Perhaps my peace of mind would be less disturbed by an actual sloth than by the sloth impersonations I witness on a daily basis. A real sloth isn’t expected to be able to walk in a line at a common speed, or to be able to articulate a single cohesive sentence. In addition, I am willing to bet that it would be the very rare sloth indeed that would spend hours on end trying to refill a “lead pencil.” That is what kids call mechanical pencils. Don’t bother explaining about lead, or graphite, or anything else, really, because it will land on sloth ears.
I wouldn’t be bothered by the fact that students spell the word “I” with a lower case letter. Over. And. Over. Again. If a true sloth did that, I would be on the phone to Jack Hanna, booking my sloth a spot on the Tonight Show.

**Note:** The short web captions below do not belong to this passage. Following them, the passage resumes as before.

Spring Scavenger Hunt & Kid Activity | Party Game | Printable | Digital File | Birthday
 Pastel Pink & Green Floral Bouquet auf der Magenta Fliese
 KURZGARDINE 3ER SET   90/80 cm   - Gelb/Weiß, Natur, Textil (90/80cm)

I probably would feel far less stress at the realization that I could lose my job when my students don’t get a certain percent higher score on their state tests. Or when an evaluator slams me for the fact that my sloth doesn’t respond to “higher order” questions with “higher order” answers (and persists in spelling the word “I” with a lower case letter). Too often, when I ask a fabulous question, one can hear crickets chirping. . .until someone takes this as a cue to launch their own side conversation about lead pencils and gum. Christ, I could bring out the ghost of freaking Carl Sagan and the real live Neil deGrasse Tyson, and the pattern would hold. Just a non-issue with sloths.
And don’t even try to play the doo-doo card. The statistical probability of my encountering more of that in a zoo job than where I am now is exactly zippity-doo-dah. I’m a gardener, for God’s sake—manure doesn’t scare me.